Can a spirituality meaningfully believe something actively apparently contradicted by its accepted science? For instance, can we believe in the Ascension while also believing it factually impossible? (The problem seems to be less that it is impossible than that it is pointless. So what if Jesus goes up in the sky. I go in the sky in an airplane all the time. Nothing special up there.)

If religion were shown scientifically to be "just" the consequence of natural, evolved happenings in the brain, would we bother to still believe it? Could we help doing so? What strategies might be adopt to manage these proclivities?

Is a scientifically sound spirituality possible? Or does a spirituality of it cloud the scientific process, making falsifiability seem unappealing? Can one do good science without believing in it spiritually?

Especially after meeting the neoconservative theologian Michael Novak last week, actually, I have been thinking more and more that globalized capitalism is the inevitable world for the moment and perhaps the only way to rescue it, along with manipulating financial incentives, is to refashion the spirituality of the people within it.




re:Science In Assembly - 5/21/2007 00:55:05
Posted by nathan

I would like to point out the first Google ad that showed up when I put this post up:
http://www.betterhuman.org/
It promises a belief system based on science and exemplified by a creepy rabbit that "is symbolic of the ethereal entity (or entities) that all religions profess the existence of, and how religion uses this psychological tool to intimidate with fear and to inhibit the progression of humankind's intellectual evolution."

I really recommend clicking the Google ads. They are always interesting and I get money when you do.

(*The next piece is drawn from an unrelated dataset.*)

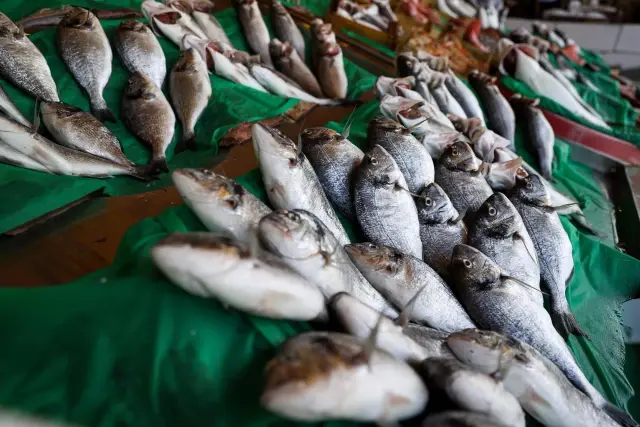 'Vira Bismillah' diyen balıkçılar, tezgahları şenlendirdi! İşte sezonun ilk fiyatları 'Vira Bismillah' diyen balıkçılar, tezgahları şenlendirdi! İşte sezonun ilk fiyatları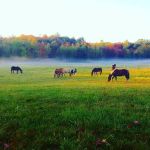 Back Cove Equine Veterinary Care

re:God and Dice? - 6/12/2007 03:35:50
Posted by Nathan

The visiting priest was speaking about whom? A nameless scientist? Einstein's famous quip has quite convincingly been thrown out. In fact, Einstein's certainly that there should be something unexplainable, the added constant to his famous universal theory, has been shown to be one of his (and sciences) biggest blunders. There is a serious misstep confusing spiritual beliefs of scientists and science's spiritual beliefs. I can't help but believe that ANY scientist who claims a spiritualism in science's empirical observations or theoretical calculations is conflating the two. It may not be possible to separate them (see string theory), but the most highly praised and disciplined scientists are strict empiricists and experimentalists. There is a great little book called what I believe but cannot prove. I suggest you check it out. It skirts these issues generally and many scientists directly address the fact that a strict empiricism may mean that nothing is certain in the end -- that's the nature of the system they operate under. That leap of faith? Not science, it's personal.




re:Science In Assembly - 6/13/2007 15:01:07
Posted by nathan

I appreciate your comment. I don't think it was Einstein he was referring to, but who knows. I wonder if, in some respects, the question is actually a literary one, or can be approached from the angle of literature. Compare, for instance, the articles in scientific journals (which speak in highly technical language about a very specific study) and the popular scientific literature (which attempts to summarize and organize and communicate the former). In the latter of these, there is the near-universal expectation that some spiritual meaning-of-life stuff be expressed. They make the theories interesting. They draw. The conclusion to Darwin's Origin of Species is the classic example, in some regards: the scientist becomes responsible, not only for the data and natural theory, but for a spiritual interpretation as well.

I wonder if for a human being, even awash in technical articles, this spiritual interpretation is avoidable. This, in fact, may be a question of how the cognitive system (i.e. the scientific community) is distributed.